Exercise description: Copy out the data exactly, leaving the pictures behind.

*** Opening Dataset extract ***

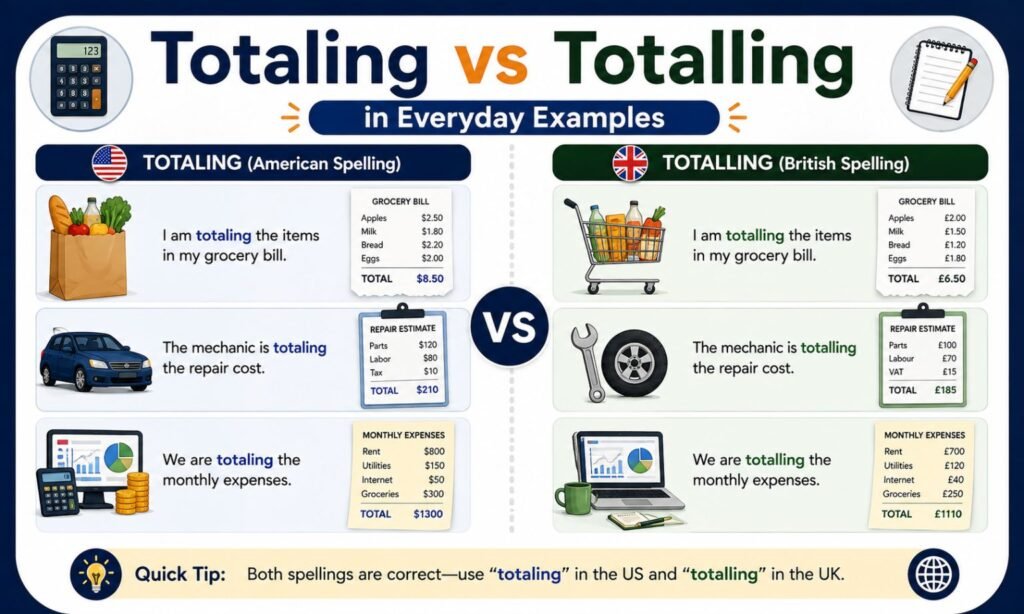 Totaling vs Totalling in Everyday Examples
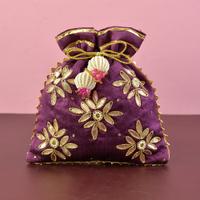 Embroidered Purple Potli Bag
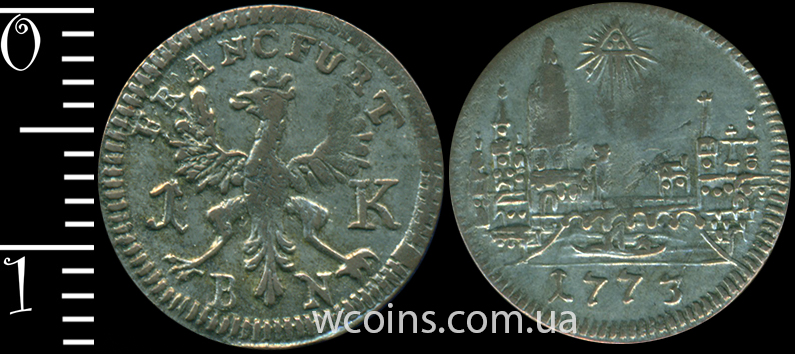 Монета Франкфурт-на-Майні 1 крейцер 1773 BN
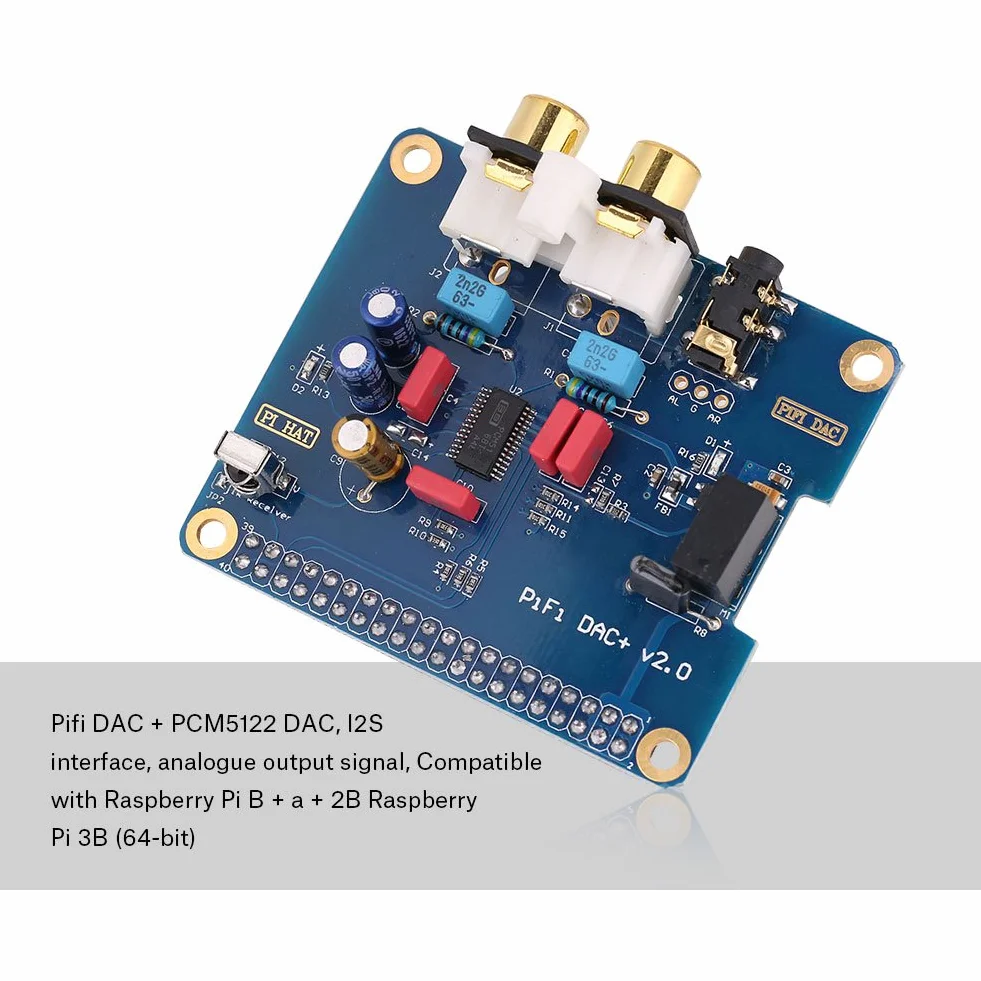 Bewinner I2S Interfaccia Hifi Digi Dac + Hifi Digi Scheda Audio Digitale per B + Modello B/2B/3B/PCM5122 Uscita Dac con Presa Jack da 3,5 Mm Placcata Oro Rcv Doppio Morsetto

*** Closing Dataset extract ***

Answer to the exercise:
 Totaling vs Totalling in Everyday Examples
 Embroidered Purple Potli Bag
 Монета Франкфурт-на-Майні 1 крейцер 1773 BN
 Bewinner I2S Interfaccia Hifi Digi Dac + Hifi Digi Scheda Audio Digitale per B + Modello B/2B/3B/PCM5122 Uscita Dac con Presa Jack da 3,5 Mm Placcata Oro Rcv Doppio Morsetto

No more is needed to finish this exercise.